Differences with torch.utils.data.WeightedRandomSampler

View Source On Gitee

torch.utils.data.WeightedRandomSampler

class torch.utils.data.WeightedRandomSampler(weights, num_samples, replacement=True, generator=None)

For more information, see torch.utils.data.WeightedRandomSampler.

mindspore.dataset.WeightedRandomSampler

class mindspore.dataset.WeightedRandomSampler(weights, num_samples=None, replacement=True)

For more information, see mindspore.dataset.WeightedRandomSampler.

Differences

PyTorch: Samples the elements from [0, len(weights) - 1] randomly with the given weights (probabilities), random generator can be set manually.

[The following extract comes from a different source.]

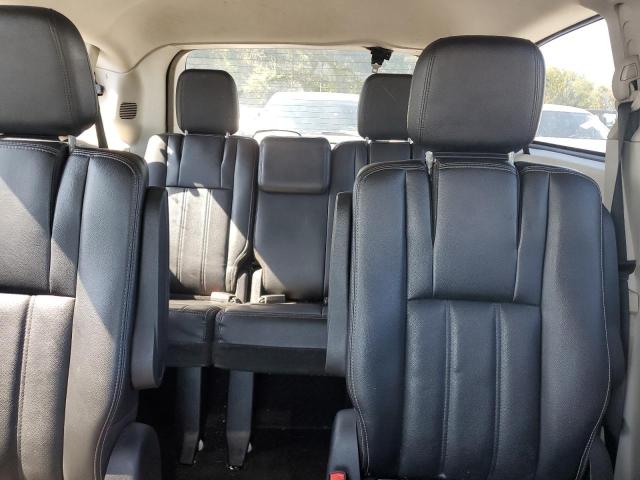 2C4RC1BG0CR188477 - 2012 CHRYSLER TOWN & COU TOURING WHITE photo 10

MindSpore: Samples the elements from [0, len(weights) - 1] randomly with the given weights (probabilities), random generator is not supported.

Categories

Subcategories

PyTorch

MindSpore

Difference

Parameter

Parameter1

weights

weights

-

Parameter2

num_samples

num_samples

-

Parameter3

replacement

replacement

-

Parameter4

generator

-

Specifies sampling logic. MindSpore uses global random sampling.

Code Example

import torch
from torch.utils.data import WeightedRandomSampler

torch.manual_seed(0)

class MyMapDataset(torch.utils.data.Dataset):
    def __init__(self):
        super(MyMapDataset).__init__()
        self.data = [i for i in range(1, 5)]
    def __getitem__(self, index):
        return self.data[index]
    def __len__(self):
        return len(self.data)

ds = MyMapDataset()
sampler = WeightedRandomSampler(weights=[0.1, 0.1, 0.9, 0.9], num_samples=4)
dataloader = torch.utils.data.DataLoader(ds, sampler=sampler)

for data in dataloader:
    print(data)
# Out:
# tensor([4])
# tensor([3])
# tensor([4])
# tensor([4])
import mindspore as ms
from mindspore.dataset import WeightedRandomSampler

ms.dataset.config.set_seed(4)

class MyMapDataset():
    def __init__(self):
        super(MyMapDataset).__init__()
        self.data = [i for i in range(1, 5)]
    def __getitem__(self, index):
        return self.data[index]
    def __len__(self):
        return len(self.data)

ds = MyMapDataset()
sampler = WeightedRandomSampler(weights=[0.1, 0.1, 0.9, 0.9], num_samples=4)
dataloader = ms.dataset.GeneratorDataset(ds, column_names=["data"], sampler=sampler)

for data in dataloader:
    print(data)
# Out:
# [Tensor(shape=[], dtype=Int64, value= 4)]
# [Tensor(shape=[], dtype=Int64, value= 3)]
# [Tensor(shape=[], dtype=Int64, value= 4)]
# [Tensor(shape=[], dtype=Int64, value= 4)]